Nella terza e ultima sezione di La moda fra senso e cambiamento, dedicata agli spazi, avvalendosi del lavoro che Denis Bertrand dedica all’importanza della raffigurazione spaziale nel discorso del romanzo, Isabella Pezzini approfondisce la nascita e l’attestarsi del grande magazzino francese nella seconda metà dell’Ottocento così come traspare dal romanzo Au bonheur des dames (1883) di Émile Zola. Venendo invece a spazi commerciali più recenti, Bianca Terraciano si concentra sulle modalità con cui alcuni negozi di moda, nell’era dell’e-commerce e dei social network, vadano alla ricerca di elementi distintivi che ne giustifichino la presenza e da questo punto di vista risulta di un certo interesse il rapporto che si viene a creare tra città, heritage culturale e consumi. Sempre restando a tendenze contemporanee, Claudia Torrini e Tiziana Barone indagano la propensione della moda contemporanea a ricorrere sempre più frequentemente all’arte come medium e su come l’intrecciarsi dei due ambiti comporti la condivisione di un linguaggio che permette al brand di proporre il suo sistema valoriale in quanto marca e al tempo stesso curatore di un’eredità territoriale da preservare e condividere con la collettività.

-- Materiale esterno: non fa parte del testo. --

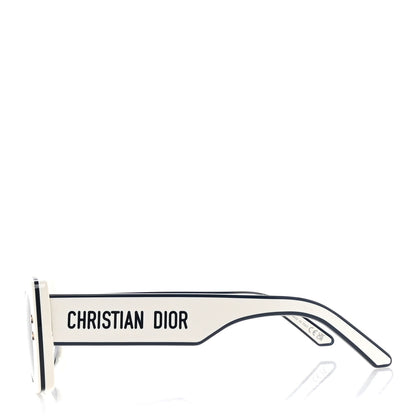 Christian Dior Diorpacific S1U Square Sunglasses White Blue 3 of 9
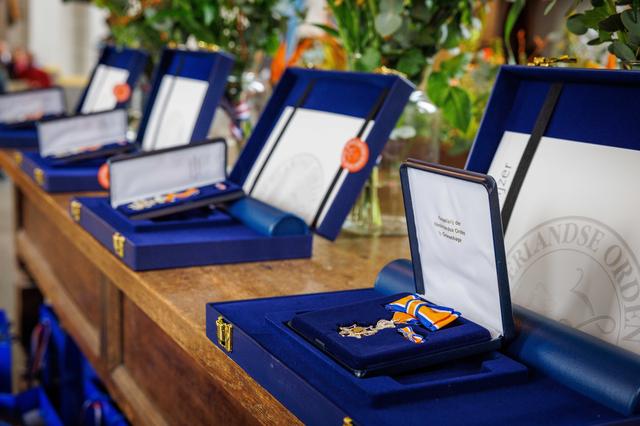 LIVE | Lintjesregen: Lees hier wie er in uw gemeente een lintje heeft ontvangen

Al rapporto tra moda e costruzione identitaria sono invece dedicati gli ultimi interventi del volume. Nella semiotica Ana Claudia Mei Alves de Oliveira ricerca gli strumenti utili allo studio delle diverse maniere in cui la moda propone di vestire il corpo influendo sul soggetto e sulla costituzione della sua identità sociale. Preso atto di come, almeno a partire da metà Ottocento, all’interesse per le caratteristiche fisiche della produzione vestimentaria si sia sostituita una lettura del capo di abbigliamento come artefatto culturale sempre più complesso, Luca Marchetti passa in rassegna alcune opere che riguardano appunto la costruzione identitaria.